The Free Choice Act is not a health-care-reform bill. It is best understood as a reform of the health-care-reform bill. In particular, it reforms the nature of the Health Insurance Exchange. Under the bills being considered right now, the exchange will be limited to the uninsured, the self-employed and small businesses. Maybe it will be expanded over time. Maybe not. In addition, it is barricaded by what's called a "firewall." The firewall essentially bars individuals from entering the exchange so long as their employers offer them a basic level of health-care coverage.
The Free Choice Act starts by setting the rules for the exchange: Within five years the exchange is open to all employers. More importantly, it's open to all people. The firewall is extinguished. But as the late, great, Billy Mays would say, that's not all!

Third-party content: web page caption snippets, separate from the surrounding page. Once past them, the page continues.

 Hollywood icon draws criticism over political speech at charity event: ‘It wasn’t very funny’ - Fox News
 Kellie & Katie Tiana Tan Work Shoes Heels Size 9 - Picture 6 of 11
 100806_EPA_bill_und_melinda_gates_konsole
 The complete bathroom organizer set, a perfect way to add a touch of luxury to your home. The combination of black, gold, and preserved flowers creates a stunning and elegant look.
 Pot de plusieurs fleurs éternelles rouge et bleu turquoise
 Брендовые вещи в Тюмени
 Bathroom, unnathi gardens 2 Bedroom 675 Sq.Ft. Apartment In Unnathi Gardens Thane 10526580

The key component of the Free Choice Act is called "cash-out." Under the Free Choice Act, if I decide that I don't like any of the health-care coverage options being offered by my employer and would prefer to choose from the many options being offered on the Health Insurance Exchange, my employer has to give me a voucher that covers 65 to 70 percent of the cost of the lowest level of exchange plan. (That is the average portion that an employer pays of his employee's health insurance premiums.) I can take that voucher and, along with whatever money I want to throw in, choose a plan on the exchange.
This does a couple of things. First, it changes the health-care system for the currently insured. It doesn't take what they have. But it gives them a choice. If the political yin of health-care reform is that you can keep what you have if you like it, the policy yang should be that you can choose something different if you don't. The Free Choice Act gives the insured something concrete: autonomy. If they don't like what they have, they are assured options. In 1994, Bill Clinton's plan was defeated because people believed it would restrict choice. Given the apparent power of the objection, it makes some sense to try to sell health-care reform atop the concrete promise that it will increase choice.

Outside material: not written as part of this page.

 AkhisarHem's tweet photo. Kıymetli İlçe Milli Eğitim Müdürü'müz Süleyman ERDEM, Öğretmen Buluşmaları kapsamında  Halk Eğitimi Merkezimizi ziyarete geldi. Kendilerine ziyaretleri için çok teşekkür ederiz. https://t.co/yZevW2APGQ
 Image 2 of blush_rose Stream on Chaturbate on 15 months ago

Second, it gives people an incentive to choose cost-effective plans. If your employer is paying 70 percent of your $10,000 health insurance premium, and you find a $9,000 plan on the Exchange -- maybe it's an HMO rather than a PPO -- you pocket $1,000. Currently, since I pay only 30 percent of my health-care premiums, making the same choice within the HMO and PPO offerings that The Washington Post gives me would only net me $333 dollars. Wyden's plan would put 300 percent as much money in my pocket. That changes behavior. And even the CBO thinks so. This is one of the main reasons the Congressional Budget Office scored Wyden's Healthy Americans Act -- which had a similar provision -- as saving, rather than costing, money.

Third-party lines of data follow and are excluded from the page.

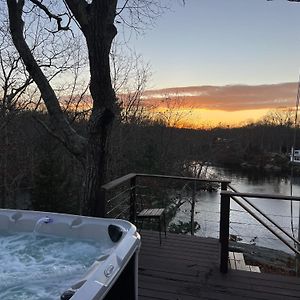 Waterfront Lakehouse Getaway In Clinton With Hot Tubヴィラ Exterior photo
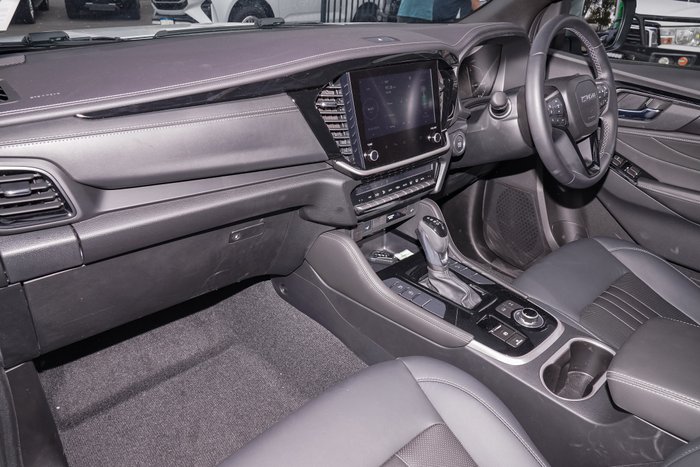 2025 Isuzu MU-X LS-T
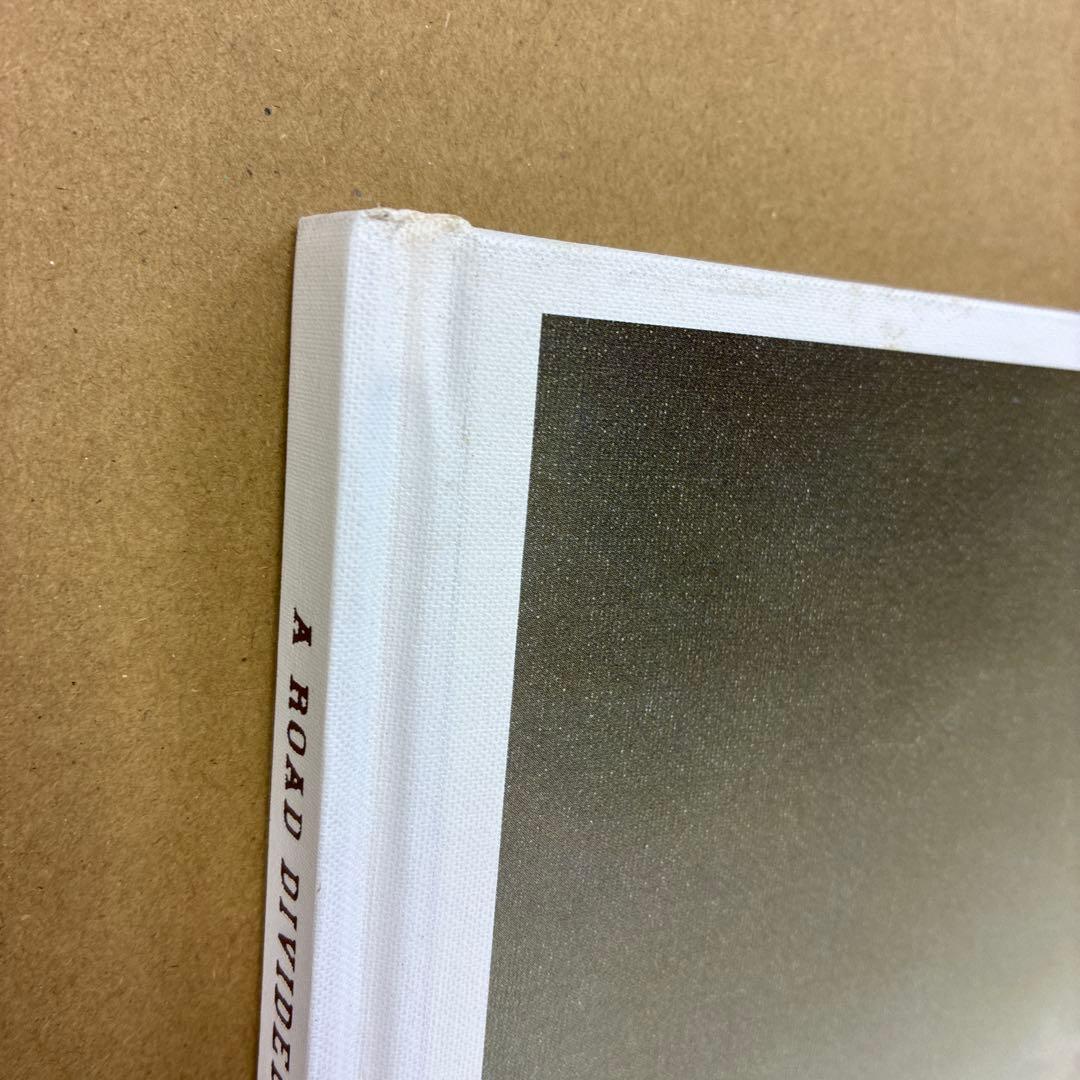 洋書 A ROAD DIVIDED Todd Hido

Third, it begins to build a viable alternative to the employer-based health-care system. Experts think that the exchange will need at least 20 million participants to really start seeing advantages of scale. This will ensure it has much more than that. And if the exchange works? If direct competition between insurers lowers costs and increases quality, if standardized billing and administrative efficiencies save money, if the massive pool of customers helps insurers bargain for discounts with providers, then the exchange will become a progressively better deal, and more people will choose -- there's that word again -- to enter it. And if more people choose to enter it, then that cycle happens again, more people enter, and so forth. Soon, you've built the system we want rather than the one we have.